All of the gates are about doing favors for oligarchs so money flows back to Trump and his donors.


Quote:
Nov. 11, 2019, 6:47 AM PST / Updated Nov. 11, 2019, 6:49 AM PST
By Associated Press
KYIV, Ukraine — Two political supporters of U.S. Energy Secretary Rick Perry secured a potentially lucrative oil and gas exploration deal from the Ukrainian government soon after Perry proposed one of the men as an adviser to the country's new president.

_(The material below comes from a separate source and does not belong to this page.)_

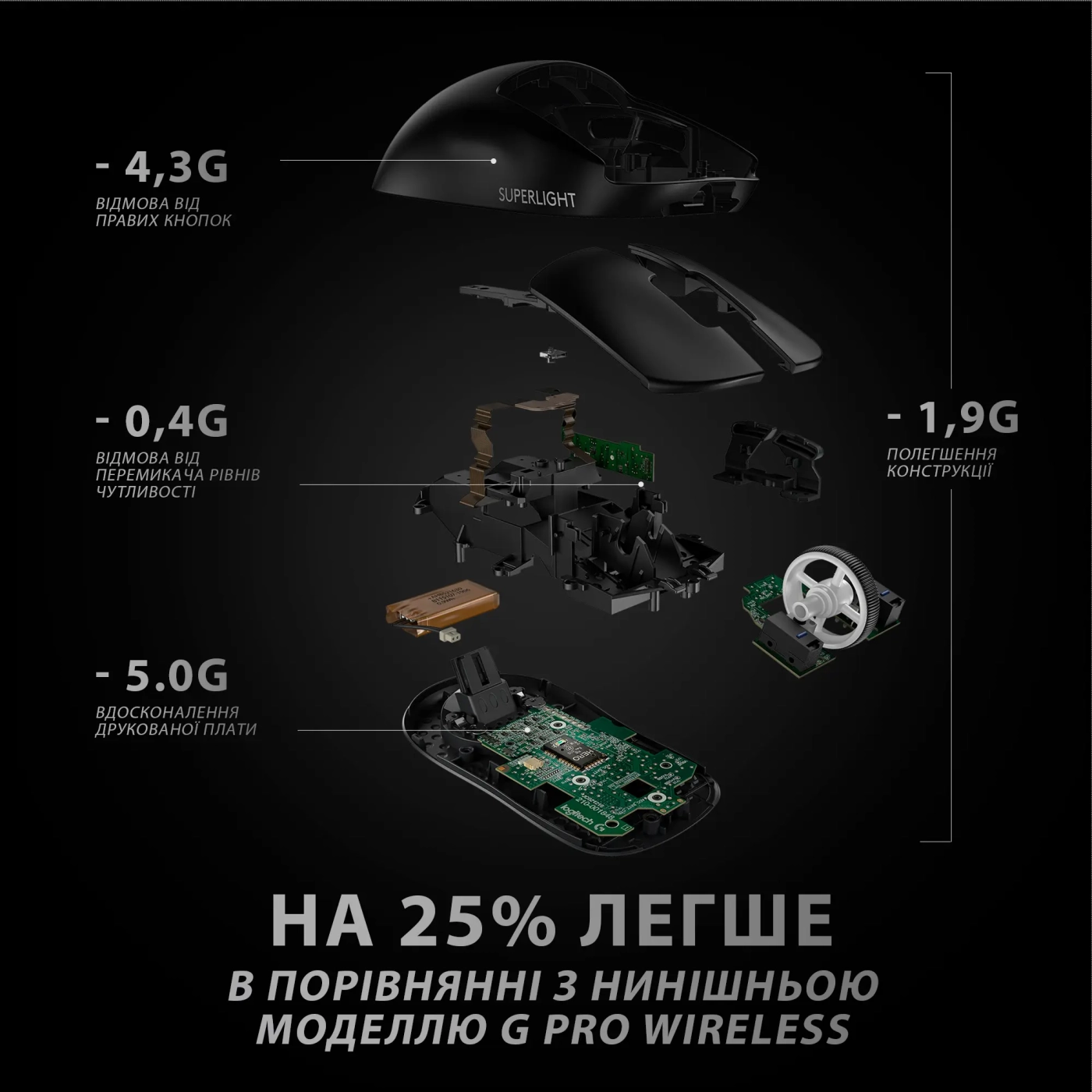 Купить Мышь Logitech G Pro X Superlight Wireless Black - фото 7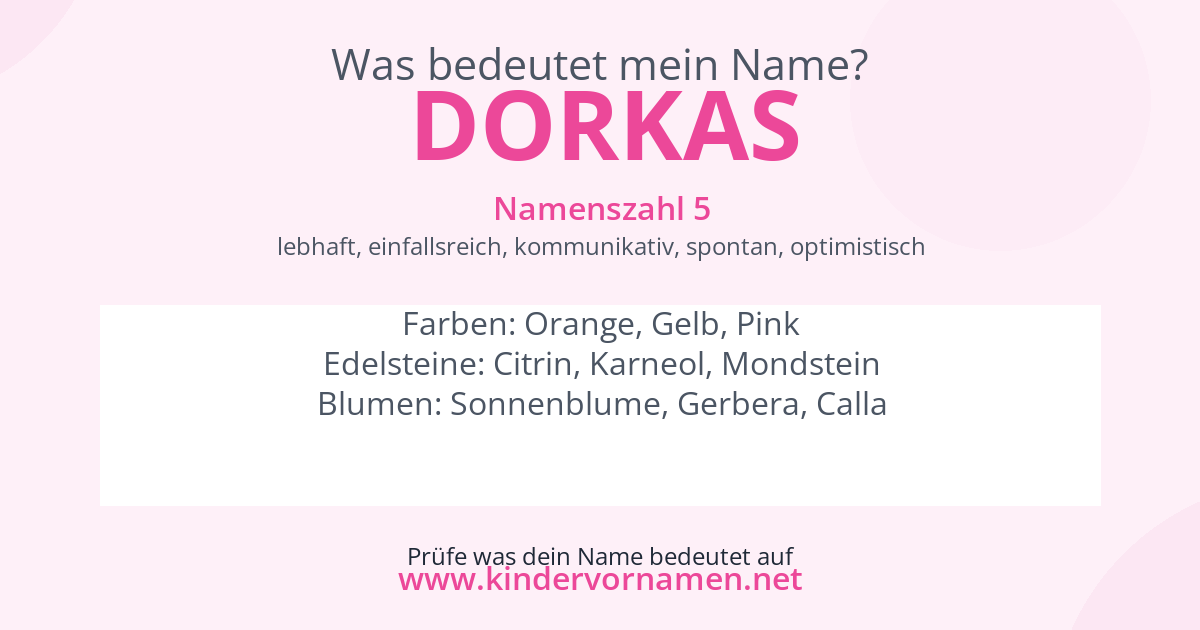 Was bedeutet der Name Dorkas?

Perry's efforts to influence Ukraine's energy policy came earlier this year, just as President Volodymyr Zelenskiy's new government was seeking military aid from the United States to defend against Russian aggression and allies of President Donald Trump were ramping up efforts to get the Ukrainians to investigate his Democratic rival Joe Biden.

Ukraine awarded the contract to Perry's supporters little more than a month after the U.S. energy secretary attended Zelenskiy's May inauguration. In a meeting during that trip, Perry handed the new president a list of people he recommended as energy advisers. One of the four names was his longtime political backer Michael Bleyzer.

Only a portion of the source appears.